The term "derivatives", is defined in the Level 1 text, Art. 4(1)(10) of IFR, which in turn refers to Art. 2(1)(29) of the Markets in Financial Instruments Regulation ("MiFIR"), which in turn refers to Art. 4(1)(44)(c) and Annex I, Section C (4) to (10) of the Markets in Financial Instruments Directive. This includes a broad range of options, including on futures, commodities and securities.
Art. 9 and 11 of RTS 7 make provision for the COH and DTF charges respectively for all derivatives, which in principle will therefore include all options. However, "exchange-traded options" have also been included within "cash trades" pursuant to Art. 8(1)(d) and 8(2) and 10(1)(d) and 10(2) of RTS 7.
It seems tolerably clear that the relevant COH and DTF charges for over-the-counter options would be governed by Art. 9 and 11 of the RTS. However, the current drafting is potentially problematic as regards (i) exchange traded options in general, because it is unclear whether these are always included as cash trades, derivatives or both; or (ii) exchange traded options on securities versus other kinds of exchange traded options, which even less naturally fall under the definition of "cash trades". The treatment of any exchange traded options as both derivatives and cash trades would doubtless be a perverse interpretation of RTS 7, since it could lead to a double counting, yet as it stands, this is the more natural interpretation of the words currently proposed.
There would be two conceptual ways of resolving the potential unclarities in the current drafting: (a) introduce a provision allowing the options premium approach to be applied for options that are derivatives, reflecting the approach available for those options which are included in the "cash trades" sections, or (b) exclude exchange-traded options from the scope of derivative transactions for the purposes of calculating COH and DTF, by inserting a cross-reference for the provision relating to cash trades (with the available options premium). We understand that the latter is the intended approach, since the higher charge for cash trades in general is supposedly intended to apply to exchange-traded options, as well as the usage of options premium.
It should be noted that introducing a distinction between sub-categories of derivatives might give rise to a perception that the adjustment for the time to maturity available under Art. 33(2)(b) of IFR would apply only to "true" derivative transactions (i.e. excluding exchange traded options, which are counted as cash transactions). Wording should be introduced to clarify that this is not intended.
Art. 8(2) and 10(2) of RTS 7 provide that, where the transferable security to be measured for the purposes for COH or DTF is an exchange traded option, the IF must use the option premium used for the execution of that exchange traded option. The reason to include exchange traded options, with premium paid for such options, is that the buyer is buying the option (financial instrument) and settles the market value of that option, which is the premium of the option.
However, it is unclear how these provisions relate to portfolios. As currently drafted, it is arguable that the option premium to be used should be calculated on a leg-by-leg basis, rather than based on the spread of the options taken as a portfolio, which is more reflective of the way the market operates in practice.

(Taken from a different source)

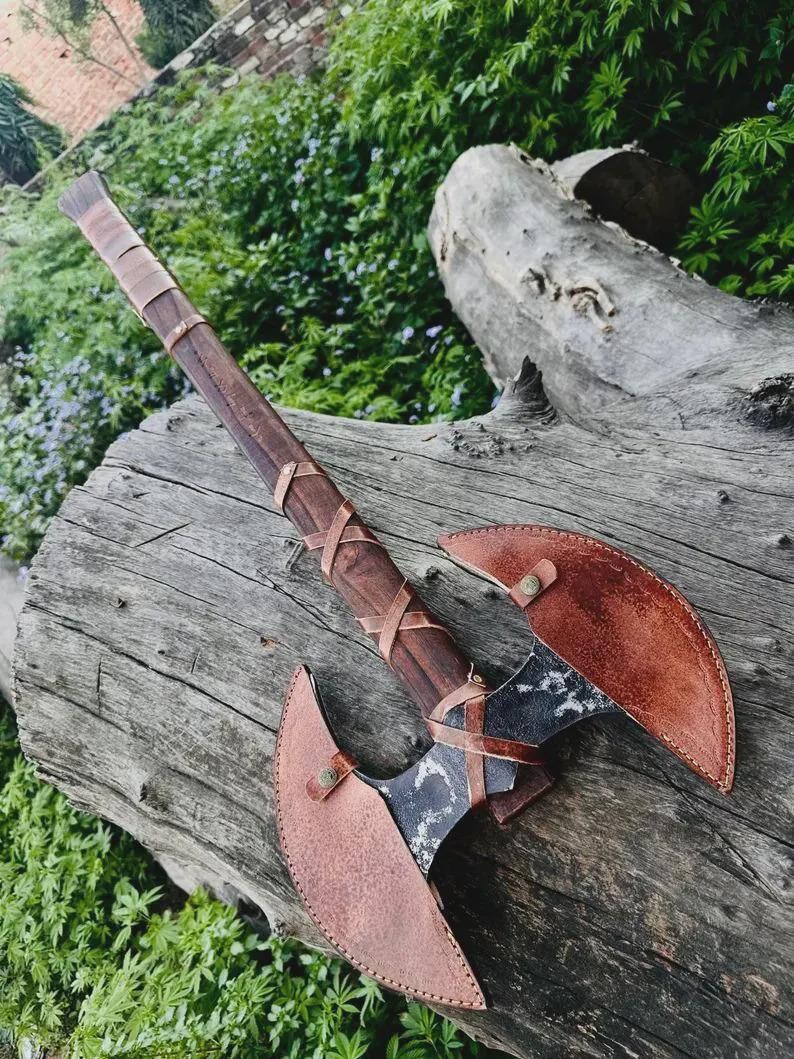 Custom Hand Forged Double Headed Large Berserker Axe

The following amendment is suggested:
Where the transferable security is an exchange traded option as referred to in paragraph 1(d), the investment firm shall use the option premium used for the execution of that exchange traded option or, where the option forms part of a portfolio, the aggregate net option premium of that portfolio.
Furthermore, we would like to flag the risk of a disadvantageous treatment of IFs headquartered in the EU resulting from the current draft provisions around the group test computation to determine whether an IF group has to apply for a credit institution authorisation. IFs who have their headquarters in the EU must consider relevant subsidiaries and branches in third countries when calculating whether an IF group’s consolidated assets exceed the threshold of 30bn EUR. IFs headquartered in a third country, on the contrary, must only apply for a credit institution authorisation if the consolidated assets of their EU subsidiaries and EU branches exceed the 30bn EUR. This leaves out the calculation of the assets of the third country headquarter and any potential further third-country subsidiaries or branches. The provisions create an unlevel playing field to the detriment of EU IFs and must be corrected to clarify that only the assets of EU entities shall be considered in the group test to validate whether an IF group must apply for a credit institution authorisation, independent of where such IF group is headquartered.
FESE agrees with the objectives of EBA to harmonise the way investment firms can adjust the K-DTF coefficients in case of stressed market conditions and to recognise the nature of exchange traded options in the K-DTF formula.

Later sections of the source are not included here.